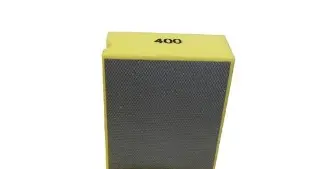 A yellow box with a 400 Grit Diamond Hand Pad inside.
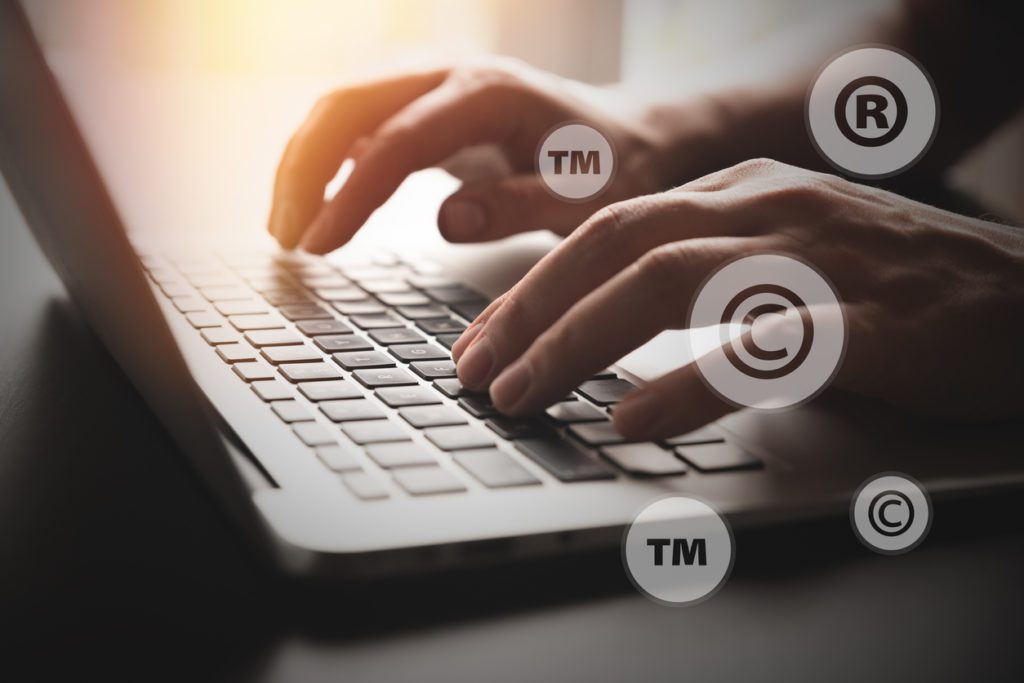 Hands typing on a laptop keyboard with overlaid copyright, trademark, and registered symbols, representing intellectual property concepts.
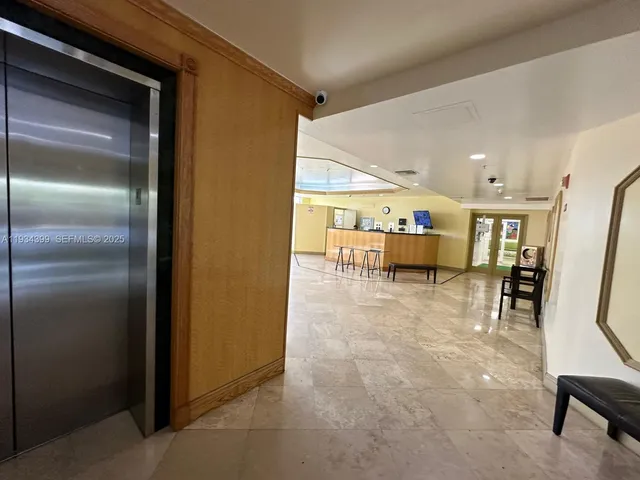 a dining room with furniture and a kitchen view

____

■ **Requirement**
Copy the data word for word and omit every picture.

■ **Your solution**
 A yellow box with a 400 Grit Diamond Hand Pad inside.
 Hands typing on a laptop keyboard with overlaid copyright, trademark, and registered symbols, representing intellectual property concepts.
 a dining room with furniture and a kitchen view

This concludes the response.